WannaCry paralyzed computers running mostly older versions of Microsoft Windows by encrypting users’ computer files and displaying a message demanding a ransom of $400 to $820 to release them; failure to pay would leave the data mangled and likely beyond repair.

Hutchins said he came across the solution when he was analyzing a sample of the malicious code and noticed it was linked to an unregistered web address. He promptly registered the domain, something he regularly does to discover ways to track or stop cyber threats, and found that stopped the worm from spreading.

Kryptos Logic chief executive Salim Neino said Hutchins’ quick work allowed him to slow the virus on Friday afternoon European time, before it could fully affect the United States.

“Marcus, with the program he runs at Kryptos Logic, not only saved the United States but also prevented further damage to the rest of the world,” Neino said in an interview from Venice, Italy. “Within a few moments, we were able to validate that there was indeed a kill switch. It was a very exciting moment.”

Neino said the worm was “poorly designed” — patched together and a “sum of different parts” with an unsophisticated payment system.

Kryptos Logic is one of hundreds of companies working to combat online threats for companies, government agencies and individuals around the world. Hutchins himself is part of a global community that constantly watches for attacks and works to thwart them, often sharing information on Twitter.

It’s not uncommon for members to use aliases, to protect from retaliatory attacks and ensure privacy, and Hutchins has long tweeted under the handle MalwareTech, which features a profile photo of a pouty-faced cat wearing enormous sunglasses.

But he realizes his new-found fame will mean an end to the anonymity.

“I don’t think I’m ever going back to the MalwareTech that everyone knew,” said the curly-haired young man, shrugging and flashing a winning smile.

Hutchins’ mother Janet, a nurse, couldn’t be prouder — and was happy to have the veil of anonymity lifted. When her son made the breakthrough, she said, she wanted to tell the world about it.

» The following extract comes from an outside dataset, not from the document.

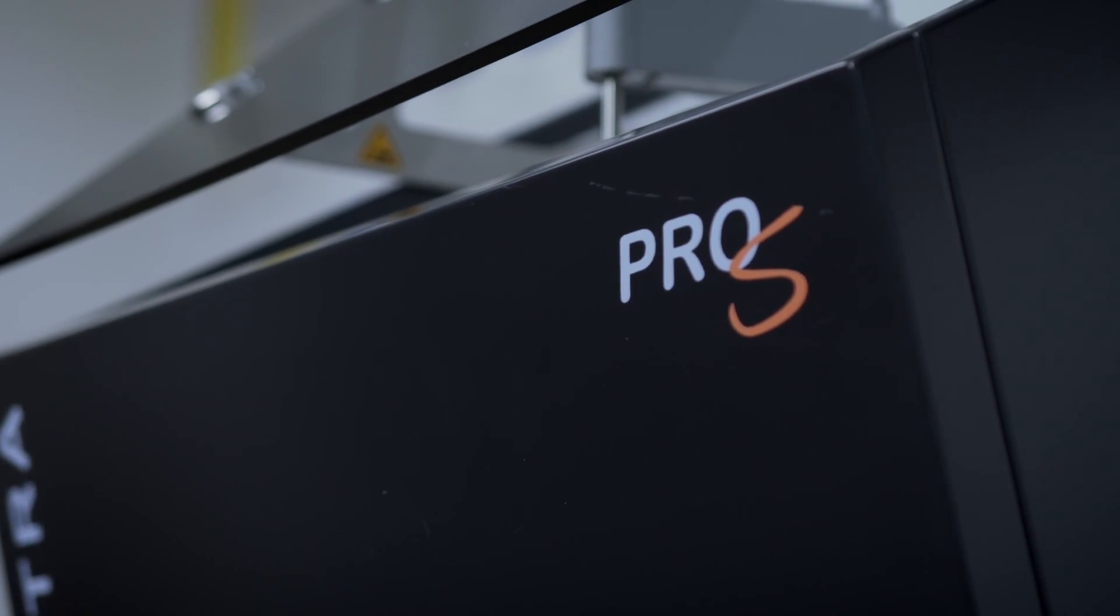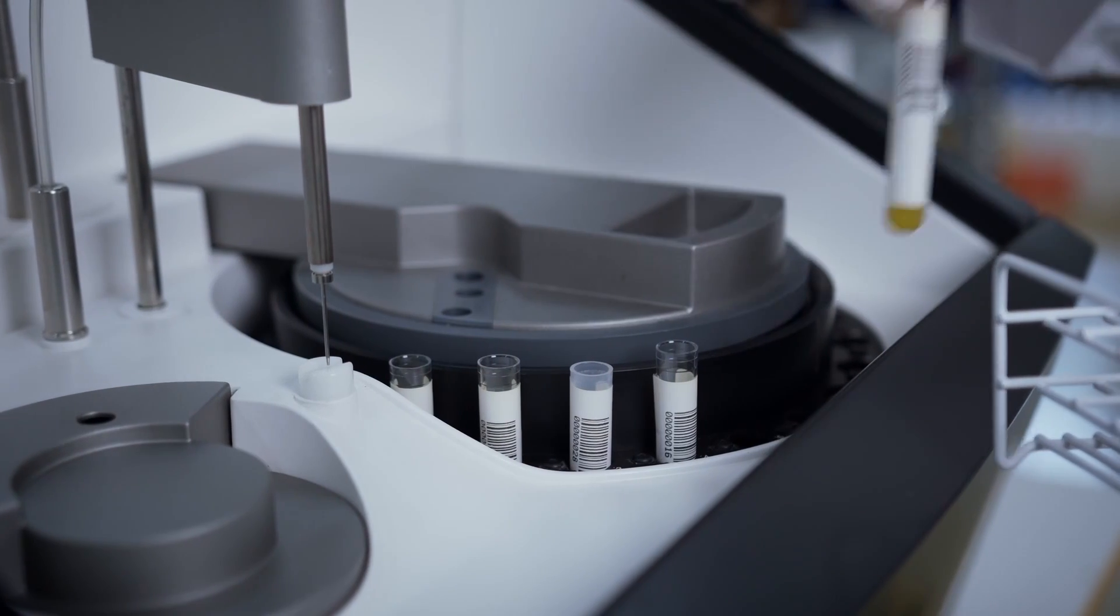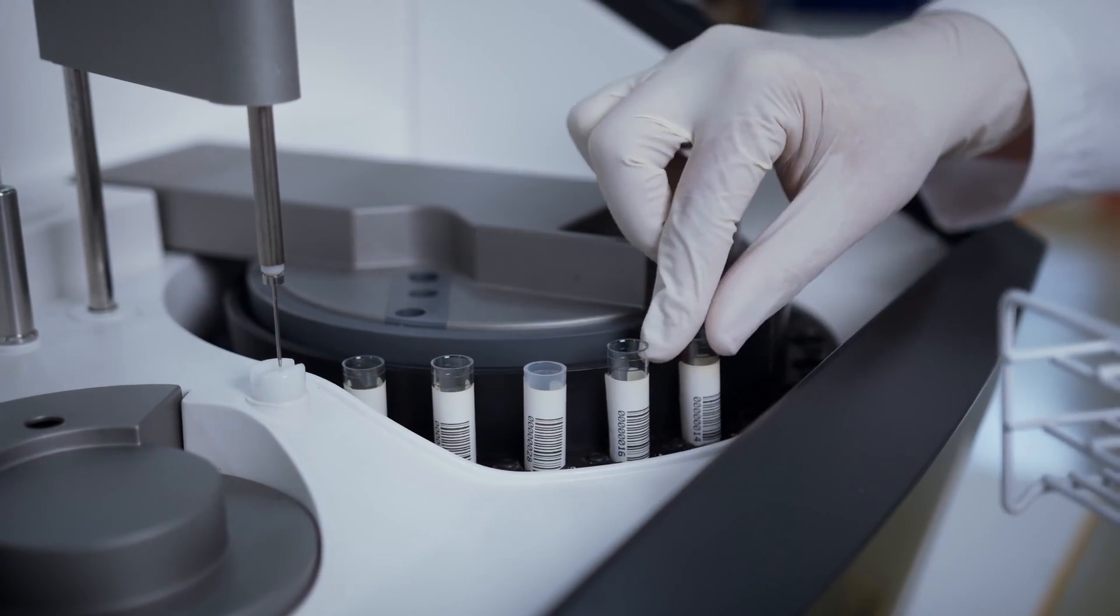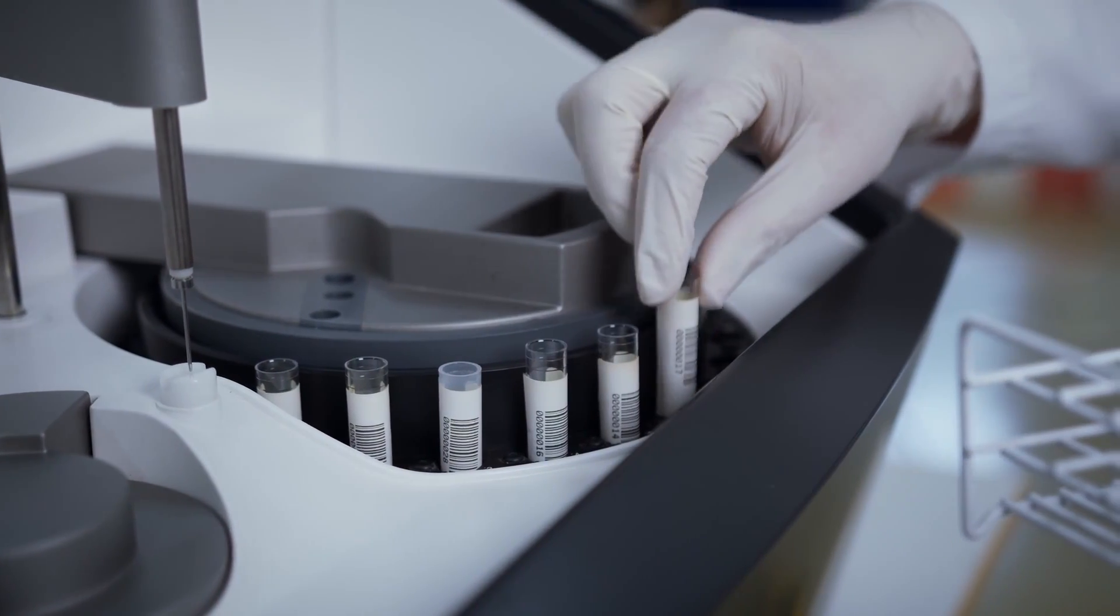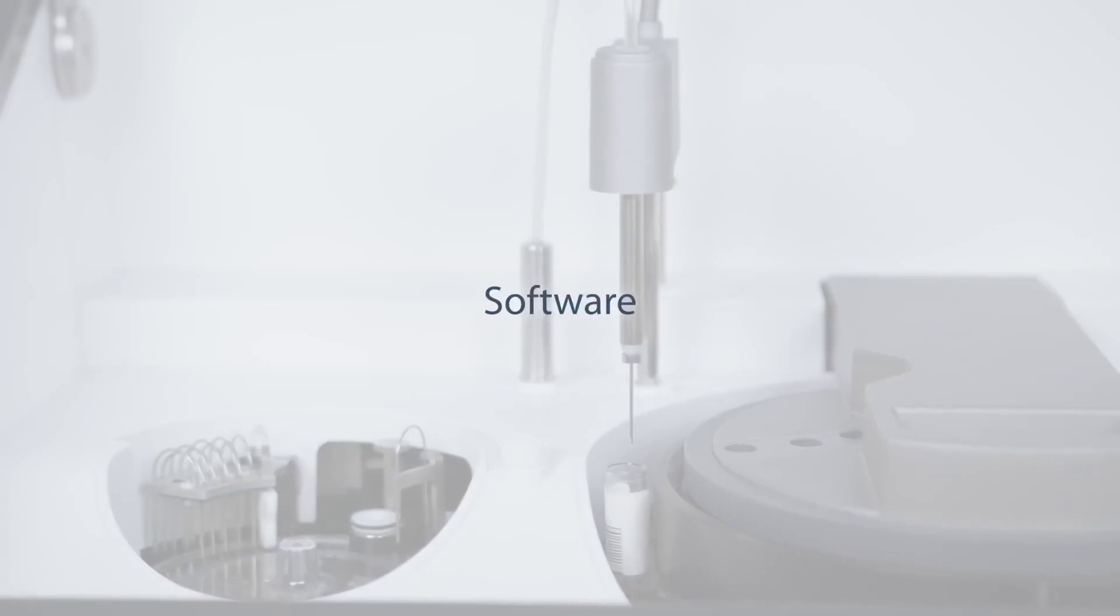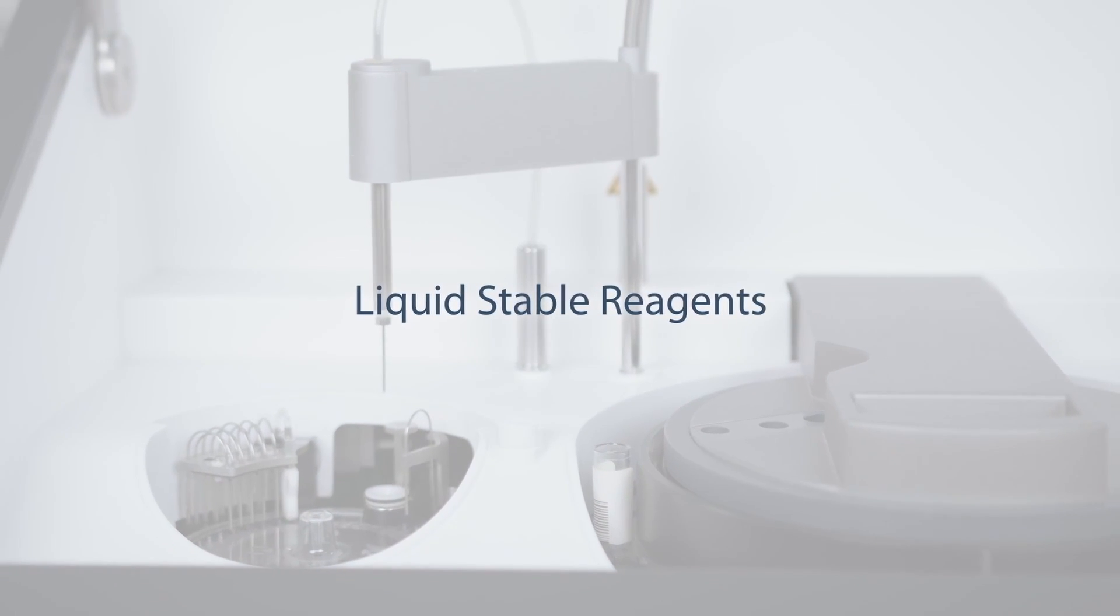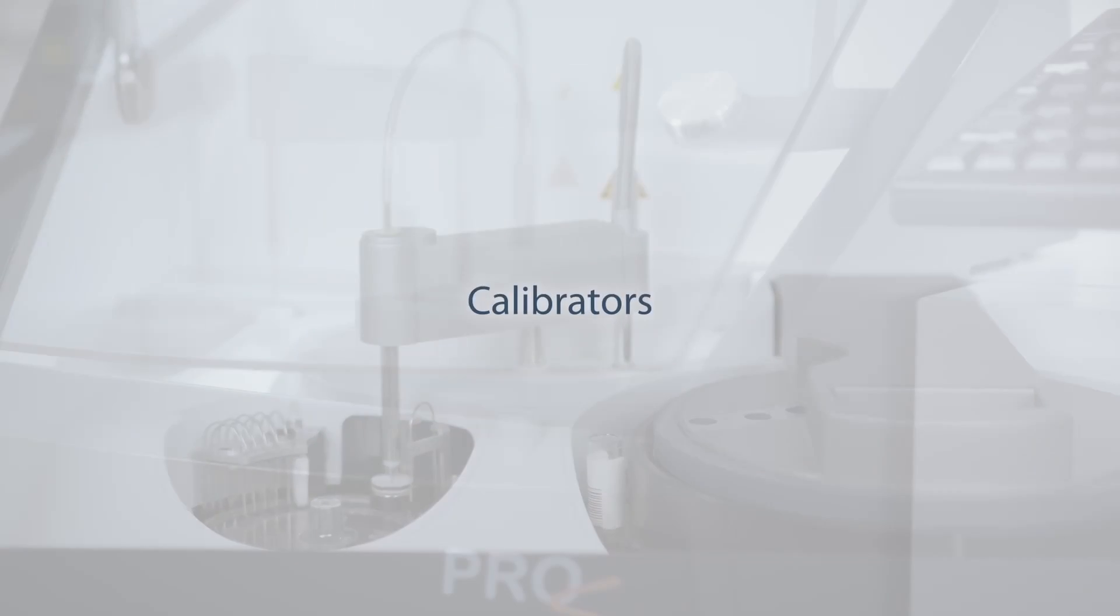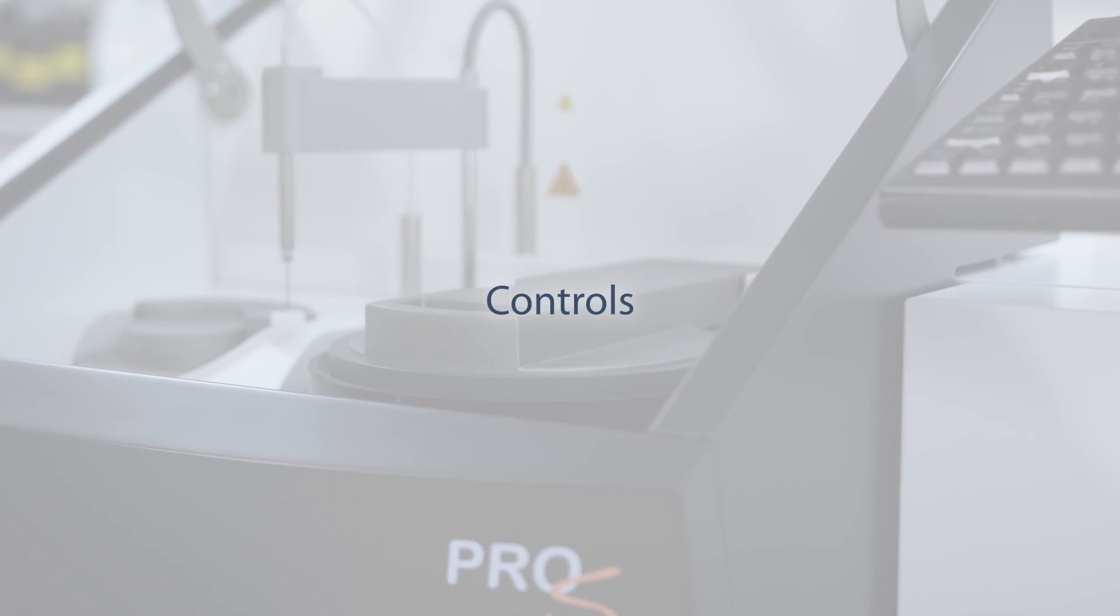The performance and quality of Selectra Pro-S are designed into the complete system across all key components: analyzer, software, liquid stable reagents, calibrators, controls, ISE, and service.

“I wanted to scream, but I couldn’t,” she said. I’m sure those working within Technology at the NHS etc shared her reaction to wanna cry, by wanting to scream with relief #WannaScream

And now Marcus is somewhat of a celebrity. He’s been in touch with the FBI, as well as British national cybersecurity officials. His new life is likely to be a big adjustment. Hutchins works out of his bedroom in the seaside resort town of Ilfracombe on a sophisticated computer setup with three large screens. The concept of celebrity was clearly foreign to him.

And now the biggest accolade is the worlds leading Online takeaway company JUST EAT deciding it was only right to spread some cheesy love of their own and provide Marcus with his very own supply of piping-hot pizza, free for a whole year from any Just Eat restaurant. As rewards go, I can think of worse 😉

Not only is Marcus now the envy of cyber security professionals across the globe, he is now the envy of fellow pizza loving foodies across the world and a good guy to know when you have the munchies!